Humans everywhere put their trust in certainty, consistency, a sense of justice and
fairness. Once they trust, they gain a greater con fi dence to act in every walk of life.
Broader, faster action at all levels of government, business and society is required to
respond to the long-term challenge of climate change. In this respect, law and the
legal process are critical elements to any policy response to climate change and its
adverse effects. Climate Change and the Law provides a helpful review of the
emergence of a new discipline, its core principles and legal techniques, and its
relationship and potential interaction with other disciplines. It is particularly timely
because, in Durban, South Africa, at the 2011 UN Climate Conference, governments
of the world agreed to craft a universal climate agreement with legal force, to
be adopted in 2015 and to come into force no later than 2020.

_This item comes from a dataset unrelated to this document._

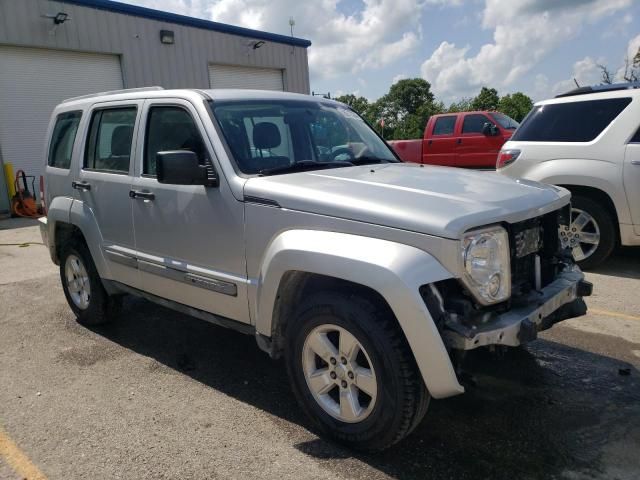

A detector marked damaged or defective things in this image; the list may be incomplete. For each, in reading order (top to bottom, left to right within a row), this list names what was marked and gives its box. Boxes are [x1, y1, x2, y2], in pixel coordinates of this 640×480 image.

As an instrument for policy implementation, law provides a normative and institutional
framework for managing and responding to climate change. It translates
policy precepts into binding legal norms. A legal regime may provide for the establishment
of legally binding targets to limit and reduce greenhouse gas emissions
and sanction non-compliance. It can thereby channel human behaviour along
pathways consistent with a low emissions economy. Institutional processes may be
established and vested with power and authority to carry-out assessments, monitor
trends and compliance, incentivize action, and enforce legal requirements. Legal
processes are critical in addressing social crises and disputes arising from the impacts
of climate change. At the global level, international law provides a framework for
cooperation amongst states in responding to a global problem that requires a multilateral
response. This book critically examines the current international legal framework
and undertakes a comparative legal survey of national climate law, bringing
together views from a broad array of perspectives, and a diverse group of authors.
This work will undoubtedly be a valuable reference for the on-going global efforts
to construct the post-2020 international climate change regime.